I am sitting in my office, surrounded by the sheer essence of who I am. There are two calendars on the wall depicting children at play. Hanging on the wall above my computer screen is an oil painting of a rodeo cowboy welded to the saddle of a wild eyed bronc done in hues of gold, red, black, and brown. Two laptops are open to various applications, as I prepare a teacher training for this coming Sunday, while figuring out some labyrinth of administrative haywire tied to the non-profit for which I am a director.

The evening hour approaches and reminds me of the first afternoons spent in my new office on the 11th green of Sun Land Golf and Country Club. I was a youthful 68-year-old retiree at the time. There was an awakening passion for the small-town life to which my wife and I had escaped. The road to this life had become a narrow one. Before we left Seattle, it was established by way of a militaristically fashioned manifesto of deliverance: "No more working for Link Light Rail, and you will start puttering in the garden." But I still write a bit for my own pleasure, and of course, I watch sunrises and sunsets in absolute bliss.

Some of the clutter in my office includes eight golf balls that fell into our backyard when a few old duffers from my community severely hooked their drive off of the 11th tee this past summer. Each one is a trophy that fits right in with the die-cast cars, model paper airplanes, and squishy balls I use to award my "club" kids for being extra attentive. They are mostly good kids who enjoy the Bible stories and the songs we sing as we mentor their precious souls in the deeper things of God. There is peace in giving ourselves to the kids in our clubs. Just as there is peace in the process of collecting mementos of our club adventures, though they are never physically present here where I do my pondering and administrating, children never leave my office now. I hear their laughter and chatter and feel the chaotic love they expend all over my universe.

Songs frequently rise up from the deepest yet warmest parts of my soul, as memorialized monuments to my past that mark the shadowy path that has led me to where I am this afternoon. Someone asks, "What do you like to do," or "Where are you from," and the ghost-like memories of "how" and "why" it was the way it was come flooding into my heart accompanied by some old song.

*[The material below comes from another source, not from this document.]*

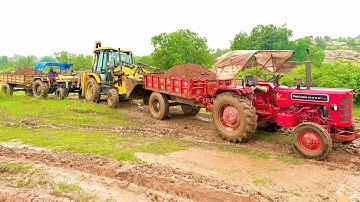 JCB 3dx Eco Loading Mud in Tractors | Mahindra 275 | ALT 3500 | Jcb Video #jcb #tractor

Of course, some of those ghosts are from my Alan Jackson period of the 1990s, and some are from my Johnny Rivers period of the 1960s. An image of my homecoming from ‘Nam is sound tracked by the mellow refrains of "Going Back to Big Sur." Most of the ghosts are welcome and enchanting, and few of them overstay their welcome. But tonight it is a song from last week’s club that rests easy on my heart. Far from being a ghost, the memory is fresh and vibrant, and the words caress my mind: "Peace I leave with you; my peace I give to you; not as the world gives, do I give to you." I can still hear the children’s voices tenderly and reverently singing the Bible verse from John 14:27. I am at perfect peace.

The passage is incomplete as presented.